If the MAXBAND option is specified, then the following is true under any selection criterion (let t be the time subscript for the current observation). The first observation for the endogenous variable (as instrument) is max$(t - \mr{MAXBAND}, 1)$ and the last instrument is $t - 2$. The first observation for a predetermined variable is max$(t - \mr{MAXBAND}, 1)$ and the last is $t - 1$. The first and last observation for an exogenous variable is given in the following list:

  • Trailing: If $t < \mr{MAXBAND}$, then the first instrument is for the first time period and the last observation is $\mr{MAXBAND}$. Otherwise, if $t \geq \mr{MAXBAND}$, then the first observation is $t - \mr{MAXBAND}+1$ and the last instrument to enter is t.

  • Centered: If $t \leq \frac{\mr{MAXBAND}}{2}$, then the first observation is the first time period and the last observation is $\mr{MAXBAND}$. If $t > T - \frac{\mr{MAXBAND}}{2}$, then the first instrument included is $T - \mr{MAXBAND}+1$ and the last observation is T. If $\frac{\mr{MAXBAND}}{2} < t \leq T - \frac{\mr{MAXBAND}}{2}$, then the first included instrument is $t - \frac{\mr{MAXBAND}}{2}+1$ and the last observation is $t + \frac{\mr{MAXBAND}}{2}$. If the $\mr{MAXBAND}$ value is an odd number, the procedure decrements by one.

  • Leading : If $t > T - \mr{MAXBAND}$, then the first instrument corresponds to time period $T - \mr{MAXBAND}+1$ and the last observation is T. Otherwise, if $t \leq T - \mr{MAXBAND}$, then the first observation is t and the last observation is $t + \mr{MAXBAND}+1$.

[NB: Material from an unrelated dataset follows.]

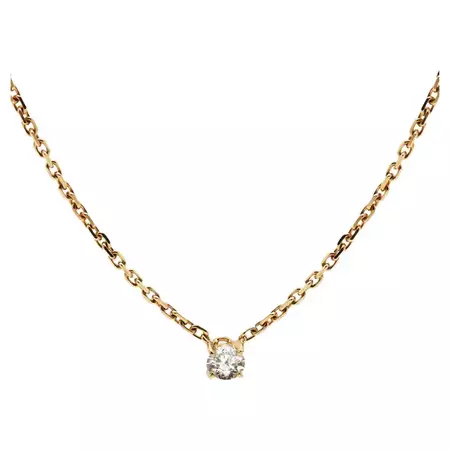 Cartier 1895 Diamond 18k Yellow Gold Necklace For Sale at 1stDibs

The PANEL procedure enables you to include dummy variables to deal with the presence of time effects that are not captured by including the lagged dependent variable. The dummy variables directly affect the level equations. However, this implies that the difference of the dummy variable for time period t and $t-1$ enters the difference equation. The first usable observation occurs at $t=3$. If the level equation is not used in the estimation, then there is no way to identify the dummy variables. Selecting the TIME option gives the same result as that which would be obtained by creating dummy variables in the data set and using those in the regression.

The PANEL procedure gives you several options when it comes to missing values and unbalanced panel. By default, any time period for which there are missing values is skipped. The corresponding rows and columns of $\mb{H} $ matrices are zeroed, and the calculation is continued. Alternatively, you can elect to replace missing values and missing observations with zeros (ZERO), the overall mean of the series (OAM), the cross-sectional mean (CSM), or the time series mean (TSM).

[2] In this section, "correlated" means correlated with the individual effects and "uncorrelated" means uncorrelated with the individual effects.

[3] This happens when $\phi \to 1$ or as $\sigma _{\gamma }^{2}/\sigma _{\epsilon }^{2}\to \infty $. In this case, the lagged dependent variables $y_{i(t-l)}$ become weak instruments for the differenced variables $\Delta y_{it}$.